Work task
Copy the records below exactly. Include all of them.

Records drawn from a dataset
+++
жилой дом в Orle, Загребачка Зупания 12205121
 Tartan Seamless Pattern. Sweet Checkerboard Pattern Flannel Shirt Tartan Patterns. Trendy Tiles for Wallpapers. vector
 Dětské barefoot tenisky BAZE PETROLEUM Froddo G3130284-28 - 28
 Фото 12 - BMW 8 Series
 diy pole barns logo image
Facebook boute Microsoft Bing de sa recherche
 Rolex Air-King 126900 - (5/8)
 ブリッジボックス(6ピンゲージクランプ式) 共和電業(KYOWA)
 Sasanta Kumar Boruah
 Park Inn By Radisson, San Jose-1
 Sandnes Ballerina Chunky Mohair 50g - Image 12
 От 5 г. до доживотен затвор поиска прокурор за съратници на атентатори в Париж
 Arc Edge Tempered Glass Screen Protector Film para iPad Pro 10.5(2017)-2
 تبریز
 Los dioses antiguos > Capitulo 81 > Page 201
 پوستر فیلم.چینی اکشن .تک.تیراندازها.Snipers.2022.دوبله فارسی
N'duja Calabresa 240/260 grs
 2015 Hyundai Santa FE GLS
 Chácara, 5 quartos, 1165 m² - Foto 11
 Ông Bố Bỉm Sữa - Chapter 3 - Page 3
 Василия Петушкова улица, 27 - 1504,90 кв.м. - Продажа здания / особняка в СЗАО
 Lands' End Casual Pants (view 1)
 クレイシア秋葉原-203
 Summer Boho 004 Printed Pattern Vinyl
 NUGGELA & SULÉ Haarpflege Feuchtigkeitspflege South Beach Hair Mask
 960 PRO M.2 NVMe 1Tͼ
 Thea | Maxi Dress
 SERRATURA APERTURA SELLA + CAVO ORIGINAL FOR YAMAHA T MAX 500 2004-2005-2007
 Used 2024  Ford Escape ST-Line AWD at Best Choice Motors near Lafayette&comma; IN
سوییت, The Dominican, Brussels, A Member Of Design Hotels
+++
Solution for this exercise
жилой дом в Orle, Загребачка Зупания 12205121
 Tartan Seamless Pattern. Sweet Checkerboard Pattern Flannel Shirt Tartan Patterns. Trendy Tiles for Wallpapers. vector
 Dětské barefoot tenisky BAZE PETROLEUM Froddo G3130284-28 - 28
 Фото 12 - BMW 8 Series
 diy pole barns logo image
Facebook boute Microsoft Bing de sa recherche
 Rolex Air-King 126900 - (5/8)
 ブリッジボックス(6ピンゲージクランプ式) 共和電業(KYOWA)
 Sasanta Kumar Boruah
 Park Inn By Radisson, San Jose-1
 Sandnes Ballerina Chunky Mohair 50g - Image 12
 От 5 г. до доживотен затвор поиска прокурор за съратници на атентатори в Париж
 Arc Edge Tempered Glass Screen Protector Film para iPad Pro 10.5(2017)-2
 تبریز
 Los dioses antiguos > Capitulo 81 > Page 201
 پوستر فیلم.چینی اکشن .تک.تیراندازها.Snipers.2022.دوبله فارسی
N'duja Calabresa 240/260 grs
 2015 Hyundai Santa FE GLS
 Chácara, 5 quartos, 1165 m² - Foto 11
 Ông Bố Bỉm Sữa - Chapter 3 - Page 3
 Василия Петушкова улица, 27 - 1504,90 кв.м. - Продажа здания / особняка в СЗАО
 Lands' End Casual Pants (view 1)
 クレイシア秋葉原-203
 Summer Boho 004 Printed Pattern Vinyl
 NUGGELA & SULÉ Haarpflege Feuchtigkeitspflege South Beach Hair Mask
 960 PRO M.2 NVMe 1Tͼ
 Thea | Maxi Dress
 SERRATURA APERTURA SELLA + CAVO ORIGINAL FOR YAMAHA T MAX 500 2004-2005-2007
 Used 2024  Ford Escape ST-Line AWD at Best Choice Motors near Lafayette&comma; IN
سوییت, The Dominican, Brussels, A Member Of Design Hotels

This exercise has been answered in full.